A relação sinuosa entre realidade e ficção – ou verdade e mentira – é o tema central do novo romance de uma das escritoras mais festejadas da atualidade, a italiana Elena Ferrante. Por cinco anos, a autora de “A Amiga Genial” (Biblioteca Azul, 2015), uma tetralogia que já vendeu mais de 16 milhões de exemplares e deu origem ao seriado “My Brilliant Friend”, da HBO, ficou sem publicar. A ausência, no entanto, acabou. Nesta terça-feira (1), chega às livrarias do Brasil e de outros 26 países “A Vida Mentirosa dos Adultos”, versão em língua portuguesa de “La Vita Bugliarda Degli Adulti”, traduzido aqui por Marcello Lino e editado pela Intrínseca.

Como é típico no universo da autora, na superfície, a narrativa pode parecer um tanto prosaica. Em 432 páginas, Giovanna narra seu ingresso na adolescência, dos 12 aos 16 anos. Nesse momento híbrido da vida em que já não somos mais crianças, tampouco adultos de verdade, a garota vê (e faz) a aparente harmonia da vida familiar ruir depois de ouvir o pai dizer que ela é feia. “Dois anos antes de sair de casa, meu pai disse à minha mãe que eu era muito feia”, é a frase que abre o romance. Mas estamos falando de Ferrante, então o que vem pela frente é um mergulho mais profundo em um emaranhado que não se restringe à narrativa do livro.

O que Andrea diz sobre a filha, descobrimos páginas depois, não foi exatamente isso.
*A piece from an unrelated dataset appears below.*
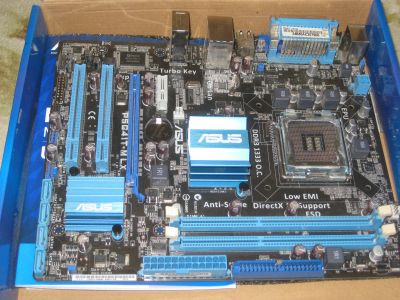 Лот: 16272395. Фото: 1. Asus P5G41T-M LX. Материнские платы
Ele a comparou à irmã com quem não se dá e que nunca foi apresentada à menina. “Não tem a ver com a adolescência: está ficando a cara de Vittoria”, disse à mulher, em uma conversa que travavam sem saber que Giovanna os escutava. É a partir daí que a garota tira suas conclusões. “Foi assim que, aos 12 anos, soube pela voz do meu pai, sufocada pelo esforc?o de mante?-la baixa, que eu estava ficando igual a? sua irma?, uma mulher na qual — eu o ouvira dizer desde sempre — feiura e maldade coincidiam perfeitamente”.
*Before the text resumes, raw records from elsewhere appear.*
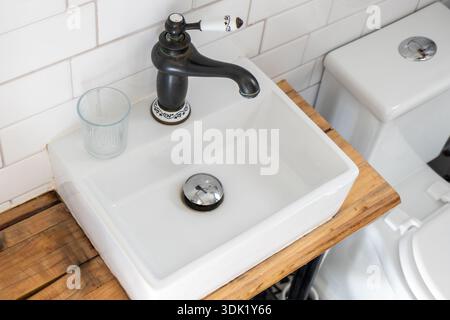 Modernes Badezimmer mit weißen U-Bahn-Fliesen, quadratischem Keramikwaschbecken und schwarzem Armatur im Vintage-Stil mit weißen Keramikdetails Stockfoto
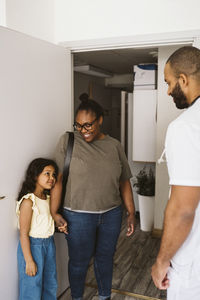 Girl looking at male pediatrician while standing by mother at medical clinic doorway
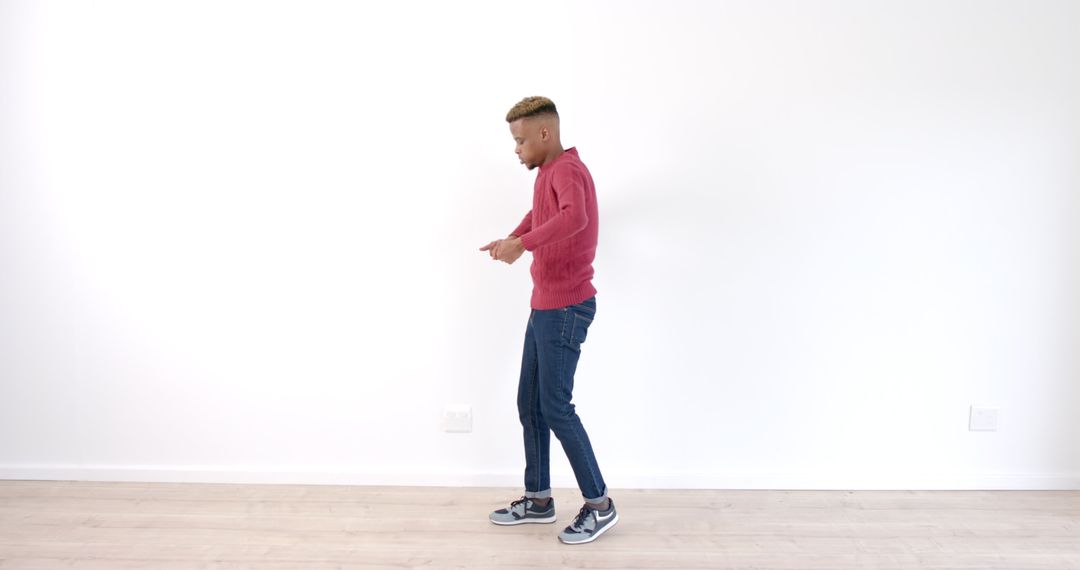 Energetic Man Dancing in Minimalist Room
Alvo de críticas, a repetição de temas pode ser vista de maneira inversa: Ferrante é comprometida com eles e capaz de revisitá-los de formas distintas

A descoberta acende sua curiosidade pela herança familiar escondida. Assim, vasculha os guardados da mãe, mas encontra uma tia de rosto apagado. Na única fotografia em que Vittoria aparece, sua figura foi coberta por um retângulo preto, feito a caneta. Decidida a encarar sua origem, a menina, que vive no Rione Alto, uma região mais rica de Nápoles, desce à parte baixa da cidade, onde mora a família paterna desconhecida até então.
Giovanna está em busca da tia, mas o que procura – e com o que se defronta – é sua própria identidade: “Sol, calor, chuva, vento, frio, e eu andando, andando entre mil perigos até encontrar meu próprio futuro de mulher feia e pérfida”. Na incursão, abandona o figurino infantil e cor de rosa estimulado pela mãe e passa a vestir roupas escuras, descobre o cheiro de “latrina” dos garotos, faz sexo pela primeira vez e passa a mentir. Tudo isso enquanto os pais que, aparentemente, viviam um relacionamento sólido – uma relação, é claro, de mentira – se separam.
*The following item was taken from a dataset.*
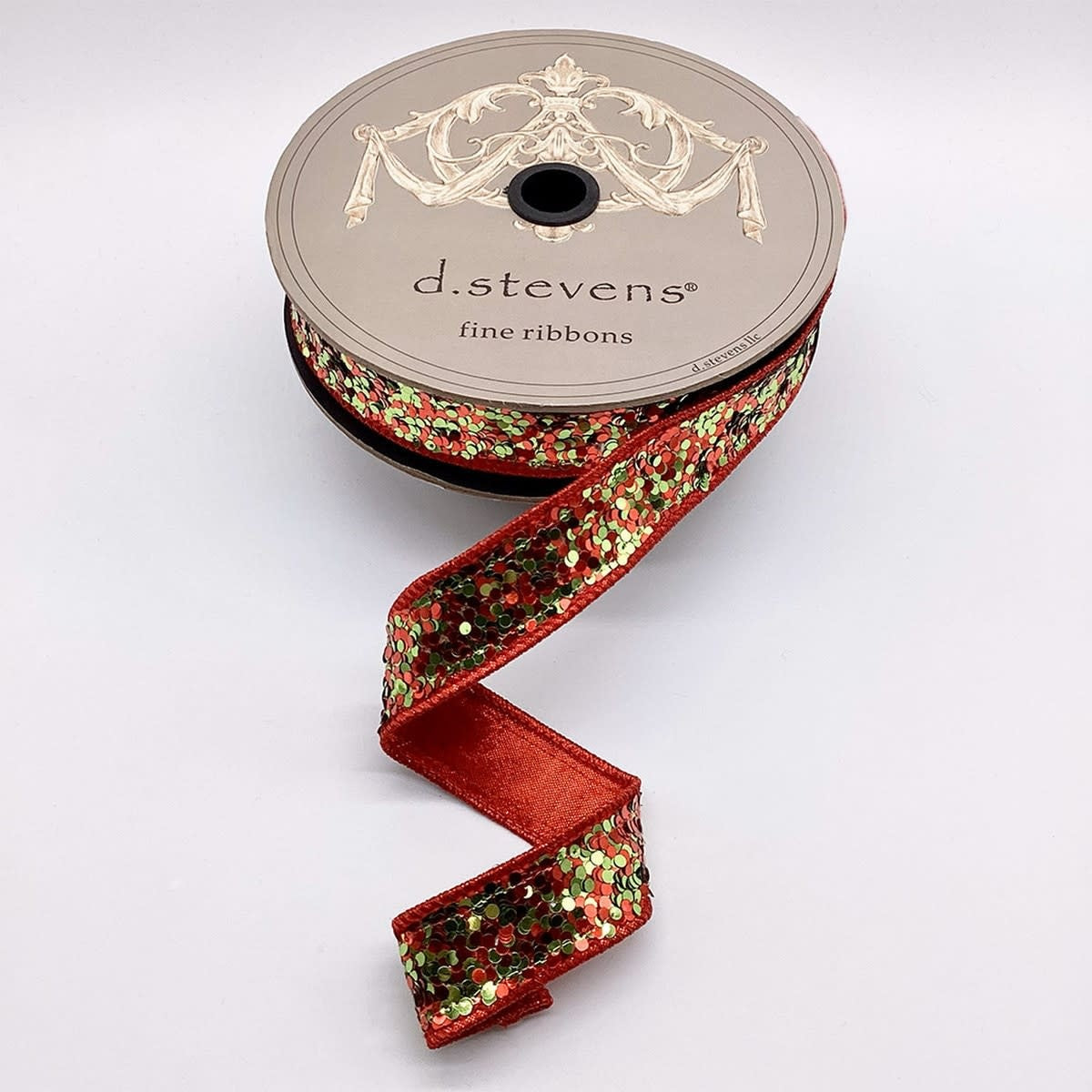 A spool of 1-inch wide red ribbon covered in lime green and red circular glitter sequins.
Estão presentes aí elementos já comuns à obra de Ferrante: uma incursão por Nápoles, vivida por uma narradora às voltas com sua condição de mulher, assombrada pela herança feminina, incomodada com a presença masculina e, ao mesmo tempo, incapaz de se desvencilhar completamente da influência que os homens exercem sobre ela.

A repetição de temas já vem sendo motivo de críticas negativas. Mas o fato pode ser visto de maneira inversa, como uma qualidade e tanto. Ferrante faz parte, afinal, de uma classe de artistas tão comprometidos com os temas que os movem, que não abrem mão deles a cada obra. E são capazes de revisitá-los de diferentes formas.

No novo romance, Ferrante inverte um pouco as coisas. Giovanna não tem grandes dilemas com a mãe, como todas as outras narradoras da autora. É a raiz paterna que a incomoda. Além disso, ela faz o caminho inverso de Lenu, sua mais famosa narradora, da tetralogia. Enquanto uma luta para se afastar física e emocionalmente das suas origens geográficas (a periferia de Nápoles) e familiares, a outra quer justamente imergir no submundo da cidade e de sua herança paterna.

Mais do que compará-lo a seus pares, portanto, “A Vida Mentirosa dos Adultos” merece ser lido individualmente, ou – o que parece ainda mais interessante – como uma nova peça essencial de uma obra que já existia. É um novo mergulho na profundidade do universo em constante expansão criado pela italiana.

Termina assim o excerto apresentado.